2  この御文の意味するところは、別しては当然、日蓮大聖人のお立場を述べられております。しかし総じては、末法の慈折広布に邁進する日蓮大聖人門下にあてはまる御文と自覚して拝せるのであります。
 法華経とは、末法の法華経、すなわち御本尊であります。「法華経をば経のごとく持つ人人も」とは、御本尊を受持している人々のすべてに共通いたします。たとえ、そういう「法華経をば経のごとく持つ人人も」、それは形のうえのみで、実際は、もし「法華経の行者」――別しては、御本仏日蓮大聖人お一人であられる。また総じては、日蓮大聖人の門下、すなわち正法を持って広宣流布に向かって、日夜、真剣に活動している人――を憎んだり、謗る者には、功徳がないばかりか、かえって罰を受けてしまうという御金言なのであります。

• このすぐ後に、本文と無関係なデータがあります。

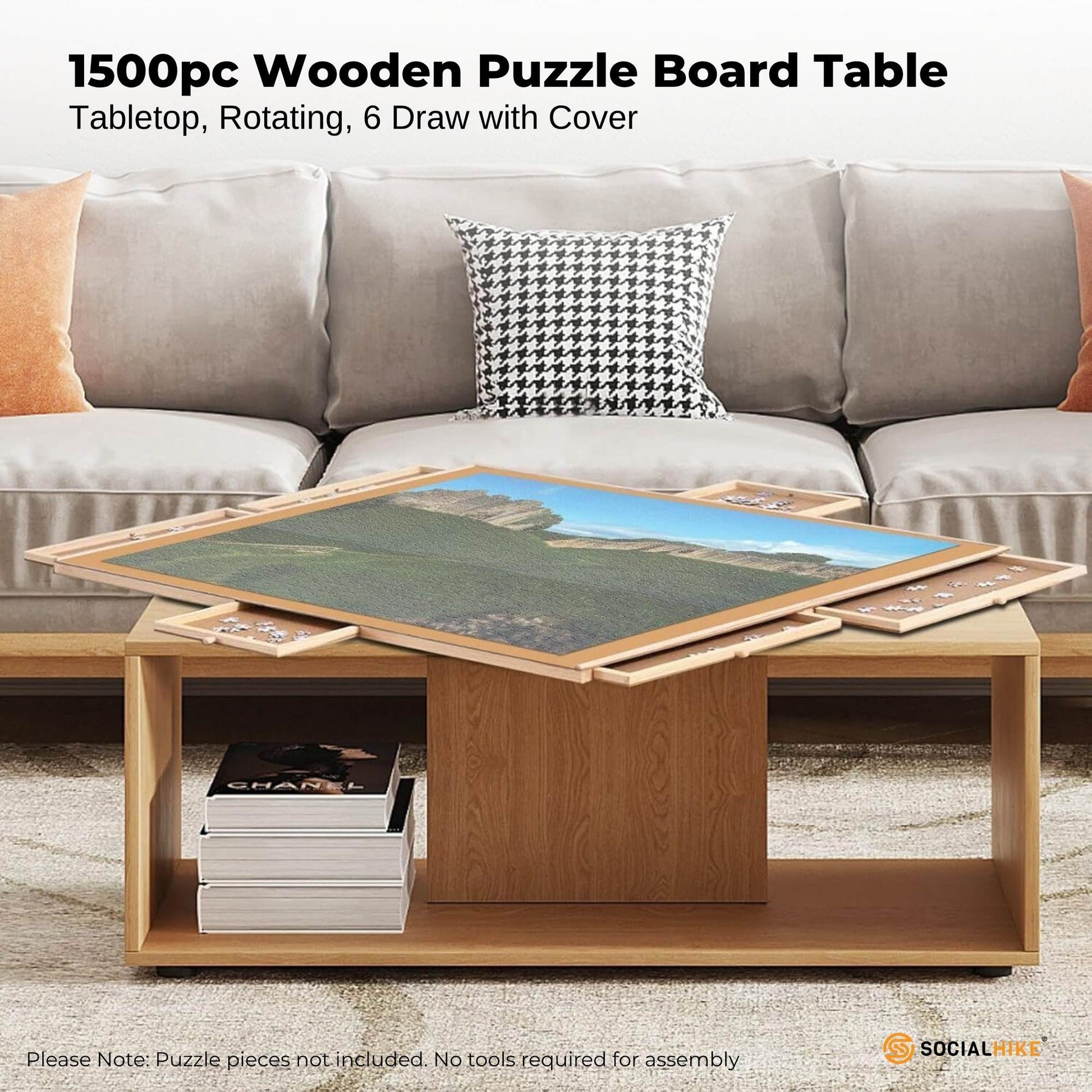 Social Hike 1500pcs Puzzle Board 6 Drawer with Cover - Wooden Rotating Tabletop-2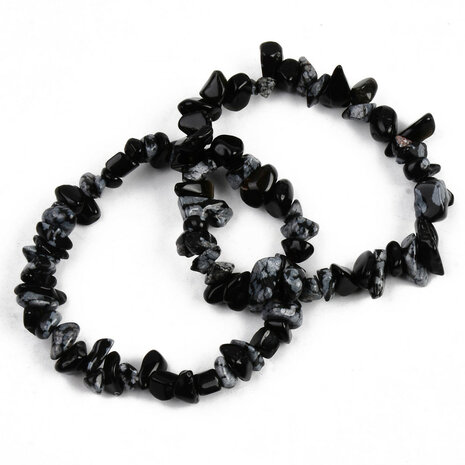 Armband split edelstenen obsidiaan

 それでは、どういう形をとって誹謗中傷が行われるか、それを大聖人は、一つは謗る人の「貪瞋癡」によって、二つには「世間の事」に事寄せて、三つには仏法実践者の「しなじなのふるまい」をとおしてである、と仰せなのであります。
 「貪瞋癡」によって憎むというのは、その人の貪り、瞋り、癡か――すなわち、その人の心の魔性の発露ともいえるであろう煩悩が原因で、法華経の行者を憎んでしまうことであります。
 この貪り、瞋り、癡かというものほど、やっかいなものはない。人間のもつ悲しむべき性であります。しかし、怨嫉、怨念、憎しみというものに振り回されるか、信心という仏界から自分の生命を律していけるか、ここに絶えざる人間革命の戦いがあることを知ってください。

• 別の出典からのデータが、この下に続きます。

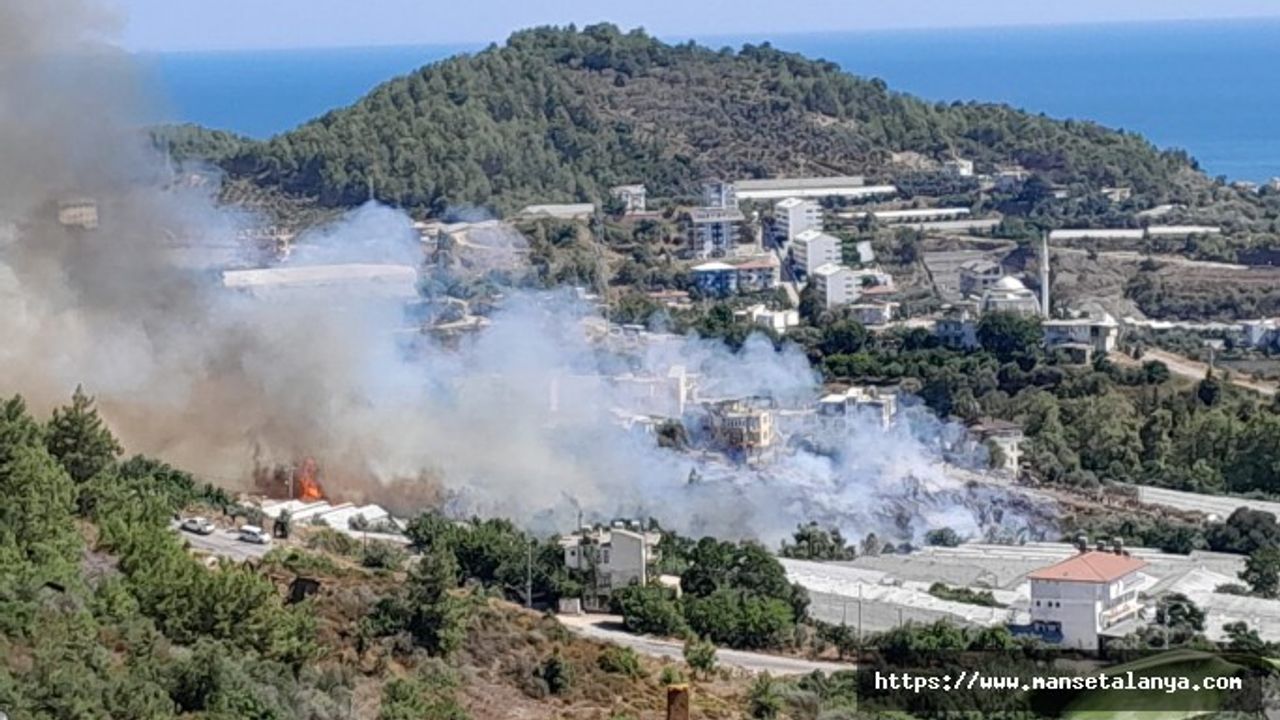 ALANYA KONAKLI'DA KORKUTAN YANGIN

 当然、荒凡夫の未熟さのゆえに、様々なことがあるかもしれない。私達の側でそうさせない努力も、当然必要であります。しかし、故意に尊き”仏子”を傷つけていくことは、実は、自らの生命をも傷つけていく醜い行為であり、自らを奈落の底に追いやっていくことは疑いない。
3  難は世間の事象に事寄せて起こる
 また「世間の事」によって憎むというのは、仏法の厳然たる教義によらず、世間的なことに事寄せて批判したり、憎しみを抱く場合であります。例えば、地位とか、立場とか、財産とか、いわゆる世間的な姿のうえから批判することであります。地位や権威をカサにきて驕りたかぶり、法華経の行者を誹謗することも含まれてくるわけであります。
 更に「しなじなのふるまい」によって憎むというのは、その人の振る舞いや言動、すなわち、表面に現れた姿、形で批判する場合であります。
 今までも難というものは、必ず世間のこと、生活的な事象に事寄せて起きてきました。大聖人の時代もそうでした。今また同じであるといえます。
 これらは、いずれも、人間が最も陥りやすい通弊でもあります。それだけに、自らの仏道修行の鑑としていくべき重要な戒めとも拝すべきなのであります。
 とともに、世間的なことに事寄せたり、表面の振る舞いや言動によって人々は見ていくのでありますから、自身の社会における姿や地域における行動も”さすが”と言われる人になっていくことが大切です。しかし、それでもなおかつ経文、御書に照らし、必ず非難中傷は内外ともにあると考えなくてはならない。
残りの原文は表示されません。